线程池剖析和复现

夜半读核

已于 2024-02-28 22:37:51 修改

阅读量947

点赞数 21

分类专栏：多线程编程文章标签： c++ 多线程

于 2024-02-27 22:53:17 首次发布

本文链接：https://blog.csdn.net/dengwodaer/article/details/136331037

版权

多线程编程专栏收录该内容

2 篇文章 0 订阅

订阅专栏

https://github.com/progschj/ThreadPool.git
这是一个在github上有7.2K star的c++多线程，短小精焊，学习和分析了下.

并发编程分析

最近阅读<<Boost.Asio C++ Network Programming Cookbook>>这本书，书上有一句话，读到以后让我理解了多线程编程的一个关键.
“The application running more threads than the number of cores or processors installed in the computer may slow down the application due to the effect of the thread switching overhead.”
这句话让我深刻意识到，多线程、服务器的processor、cores之间的关系.
服务器的processor/cores数目是固定的，根据计算系组成原理，指令流水线部分部分，多processors 、多cores 有助于并行执行指令，因此多处理器多核对提高程序的运行效率是很有帮助的.

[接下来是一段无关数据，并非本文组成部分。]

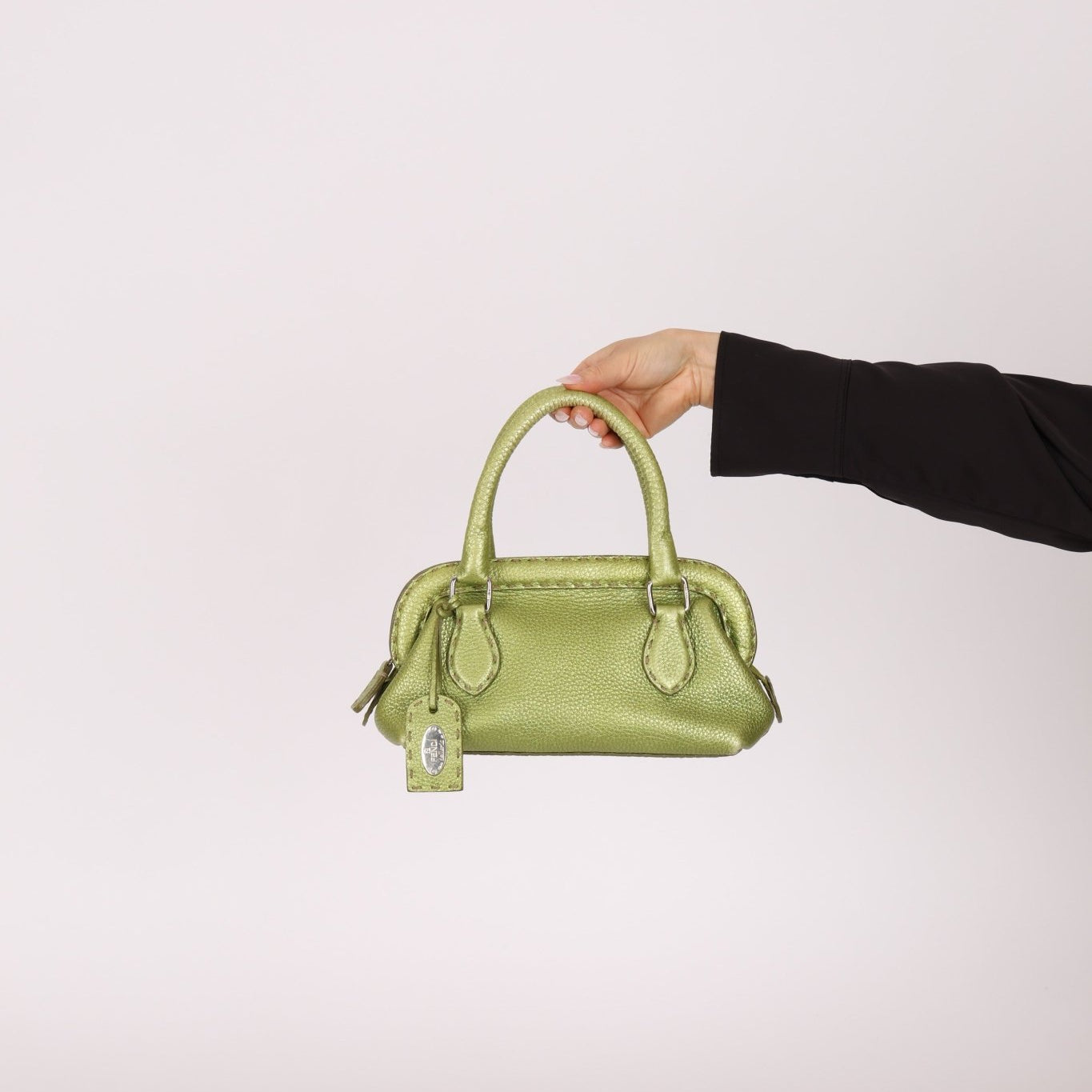 Rare Fendi Acid Green Metallic Adele Frame Bag - FashioNica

所以，多线程编程模式是很好的，但是一定要明白，多线程的前提是为了在多处理器多核提供的能力下让程序并行地执行，从而能让程序数倍地提高效率，但是是否意味着，线程越多就越好？
肯定不行，机器的最大能力就在那里，你开几百个线程，最终在某一时刻也只能其中的一部分线程被并发执行，反而会由于线程过多，导致在操作系统的调度策略下，也要将那些没有在运行的线程切换进来运行，这就发生了线程的切换，而频繁地进行线程切换，导致的时间消耗也是很大的，这个时候线程越多反而会降低程序的处理能力.

而对于单处理器(单核)的并行，即单核心下的多线程处理，只是伪并行，这所谓的并行体现在，多个线程下，如果有个线程阻塞了，那么处理器理所当然地切换去执行另一个线程.这种切换是有好处的。这就是在有限的能力下尽最大努力并发.(总结就是，处理器不停地干活.)
因此，如果要使用线程池来处理任务，首先要考虑的是机器的并发能力，再确定合适的线程数目.

源码分析

核心思路

使用std::queue作为任务队列，生产者投入任务到任务队列，唤醒线程池（std::vector<std::thread> workes)中某个处于阻塞状态的线程，从任务队列取出任务，执行.
让我们来划分一下:

生产者投入任务到任务队列
唤醒线程池中某个处于阻塞状态的线程
很简单的过程.
首先，我们为什么需要线程池，因为我们有很多任务需要执行.一个线程不够，我们需要多个线程可以并发为我们执行多任务.
其次，一个完备的线程池项目的定位是什么？是其通用性。我用它执行算术运算，它支持。那如果我用起去读写磁盘，是否需要另外的修改呢？如果需要的话那就失去了其通用性。但是，如何能够让它支持不同的需求都能使用呢？那么就让我们来看看这个线程池是如何进行抽象的.

// add new work item to the pool
template<class F, class... Args>
auto ThreadPool::enqueue(F&& f, Args&&... args) 
    -> std::future<typename std::result_of<F(Args...)>::type>
{
    using return_type = typename std::result_of<F(Args...)>::type;

    auto task = std::make_shared< std::packaged_task<return_type()> >(
            std::bind(std::forward<F>(f), std::forward<Args>(args)...)
        );
        
    std::future<return_type> res = task->get_future();
    {
        std::unique_lock<std::mutex> lock(queue_mutex);

        // don't allow enqueueing after stopping the pool
        if(stop)
            throw std::runtime_error("enqueue on stopped ThreadPool");

        tasks.emplace([task](){ (*task)(); });
    }
    condition.notify_one();
    return res;
}

如上就是投入任务到任务队列的入队的逻辑。

任务入队前的转换

我们的任务通常是一个过程或者一段程序，因此我们入队的就是一个待执行函数和其参数。由于要做到通用性。因此，要用同一入队接口入队不同签名的函数，我们需要使用模板来保证其通用。
前面提到，我们使用std::queue模板类作为任务队列，那么，在其可以作为队列使用前我们必须实例化这个模板类。所以，在指定std::queue<T>的类型T以后，无论用户传入何种签名的函数，在任务入队前，必须要转换成类型为T的对象.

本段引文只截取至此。